--- Exercise ---
Go through the listing below and repeat it exactly, omitting each picture.

--- Collected material ---
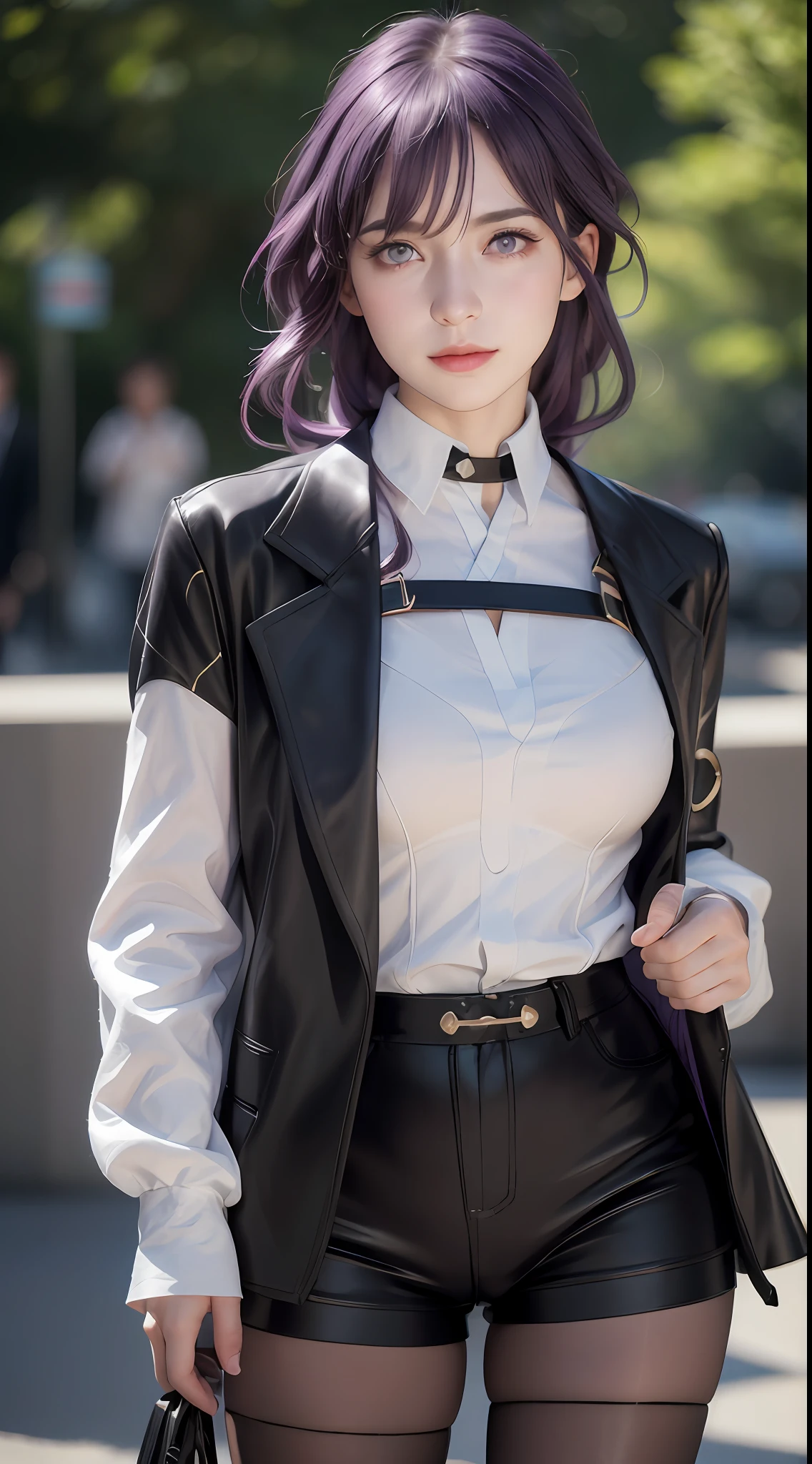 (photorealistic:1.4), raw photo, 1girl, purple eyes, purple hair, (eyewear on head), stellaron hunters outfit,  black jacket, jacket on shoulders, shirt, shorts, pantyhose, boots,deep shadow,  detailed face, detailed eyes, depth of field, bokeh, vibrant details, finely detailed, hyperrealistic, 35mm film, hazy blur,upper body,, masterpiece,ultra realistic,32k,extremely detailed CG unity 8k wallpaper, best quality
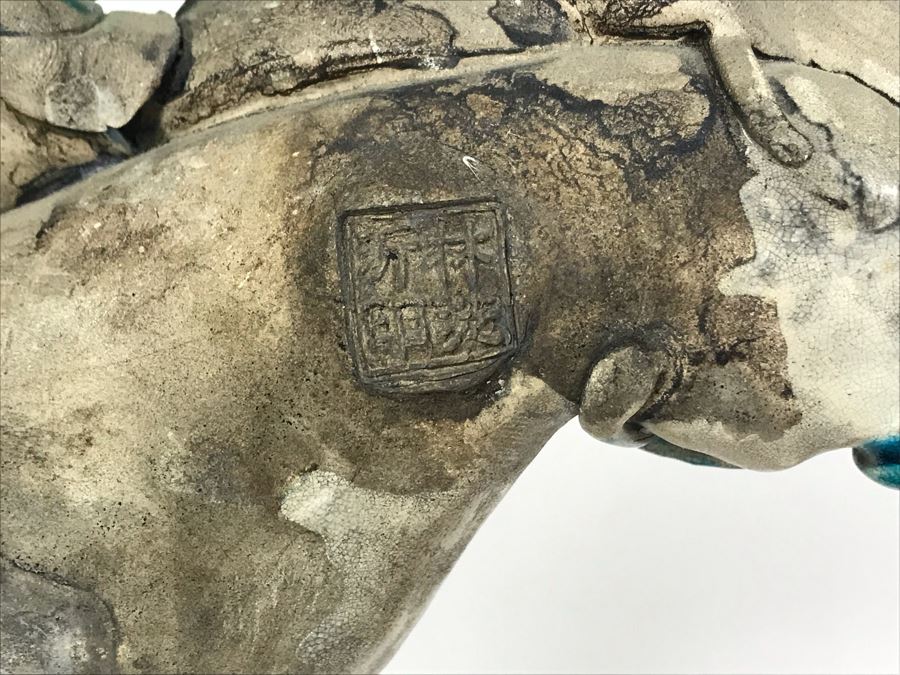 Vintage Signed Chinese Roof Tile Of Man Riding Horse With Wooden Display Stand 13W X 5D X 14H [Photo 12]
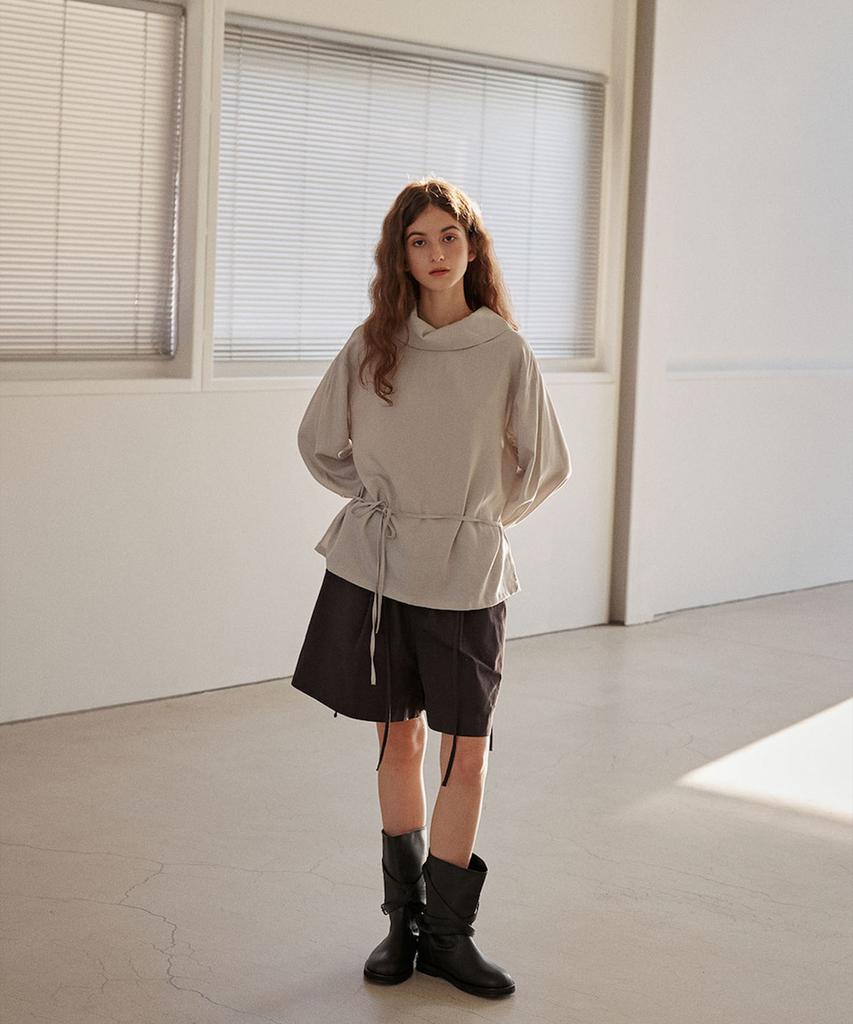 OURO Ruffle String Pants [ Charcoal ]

--- Worked solution ---
 (photorealistic:1.4), raw photo, 1girl, purple eyes, purple hair, (eyewear on head), stellaron hunters outfit,  black jacket, jacket on shoulders, shirt, shorts, pantyhose, boots,deep shadow,  detailed face, detailed eyes, depth of field, bokeh, vibrant details, finely detailed, hyperrealistic, 35mm film, hazy blur,upper body,, masterpiece,ultra realistic,32k,extremely detailed CG unity 8k wallpaper, best quality
 Vintage Signed Chinese Roof Tile Of Man Riding Horse With Wooden Display Stand 13W X 5D X 14H [Photo 12]
 OURO Ruffle String Pants [ Charcoal ]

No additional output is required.